Yeah, records were lost, there was a fire that destroyed most of San Francisco and destroyed the Chinese quarter. So anyways, they were looking for ways around the law and they were not afraid to exercise their rights. And so they were, like I said, filing habeas corpus petitions. If you enter the country and you said you were a merchant and they denied that you could file a habeas corpus petition and challenge that in court.

And the fascinating thing is these federal judges in San Francisco, many of them we know from their private papers, didn't like the Chinese. And so these judges in some cases worked themselves to exhaustion handling these Chinese habeas corpus cases because they took seriously their obligation and their law. It's another reminder today of how important judges are in this fight over immigration.

Right. The parallels are eerie. We're recording this the day after Trump again tries to bar entry from a dozen countries. You know, China's not among them, but same old story.

Yeah.

I just wanna go back and flesh out a sidebar on citizenship. You write about this 1896 ruling upholding the 14th Amendment for birthright citizenship, with the story of Wong Kim Ark, who was born in the U.S. and then detained on trying to get back in, which is also a parallel with Trump trying to ban birthright citizenship. So it seems that this debate around birthright was already going on a long time ago.

Yeah. As hopefully people know, the 14th Amendment, which was passed to clarify the status of formerly enslaved Black Americans, and to give them their full and equal rights, it says that if you're born in the United States and subject to the jurisdiction thereof, you are an American citizen. That's what it says in the 14th Amendment. The legal precedent that we rely upon today, everybody relies upon today, dates back to 1896 and the case of Wong Kim Ark, when his birthright citizenship was upheld by the Supreme Court.

The story of Wong Kim Ark is the Justice Department and others who were opposing the Chinese were interested in making a test case to establish this point about birthright citizenship. There was actually a lawyer, a little bit eccentric guy, a guy named George Collins, who was advancing this legal theory that Chinese who were born in the United States were not American citizens because he was zeroing in on that clause: “subject to the jurisdiction thereof.” He was trying to say that Chinese whose parents are subjects of the Qing Empire were not subject to the jurisdiction thereof. So he was, focusing on that clause and trying to make the case that this exempted them from birthright citizenship. It went all the way to the Supreme Court. It's fascinating because actually again, it kind of says something about the resourcefulness of the Chinese community. The six companies, which is this kind of coalition of mutual aid associations that actually financed a lot of these court battles on behalf of the Chinese community overall, they hired lawyers, very fancy lawyers, to take this case. And it was argued from the Supreme Court. In the end, the decision is kind of fascinating because it's dense with explications of common law precedent and things like that. But the justice writing the majority opinion makes this observation that if they didn't uphold birthright citizenship millions of European Americans, descendants of Scots, Irish, English, all of these European Americans who were born in the United States, their citizenship would be lost.
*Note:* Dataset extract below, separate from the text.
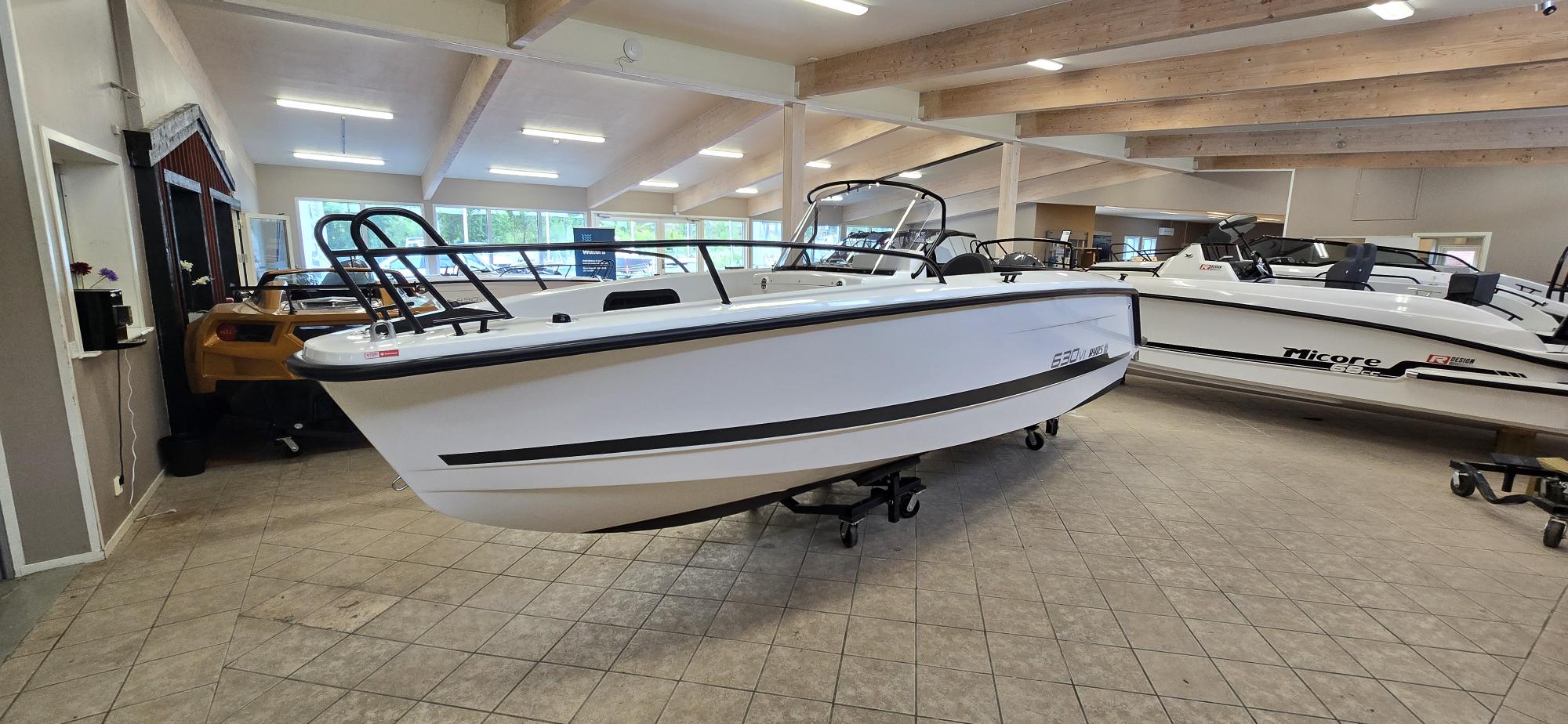 Ryds 630 Mid-C S-LINE / Yamaha F115 endast 28 tim bild 6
And that was beyond the pale. That was unacceptable. And so that was a big part of the decision.

It's funny how several of those laws were clearly designed for white people. And then when people found, “Oh, there's a loophole for non-white people to use it,” the judges were like, “Oh, we didn't mean that.” There's another example you give, I think it was called the War Brides Act, where after World War II, I think something like 15,000 Chinese Americans fought in the war. China was an ally, of course, and they posited this law whereby American soldiers who'd married Europeans should be able to come back and that those European brides would be American citizens … but not Chinese.

That was actually an early example of activism of the Chinese American community where they went to Congress and lobbied against it and actually managed a kind of partial victory, and allowed some of these Chinese brides — for people who have fought for the United States, were able to bring their brides over.

Hmm. So it seems that by now we're into the 20th century. The tide is turning. There's organization in the Chinese American communities. What turned the tide? Was it World War II that led to the gradual acceptance and eventually legalization of Chinese immigration? 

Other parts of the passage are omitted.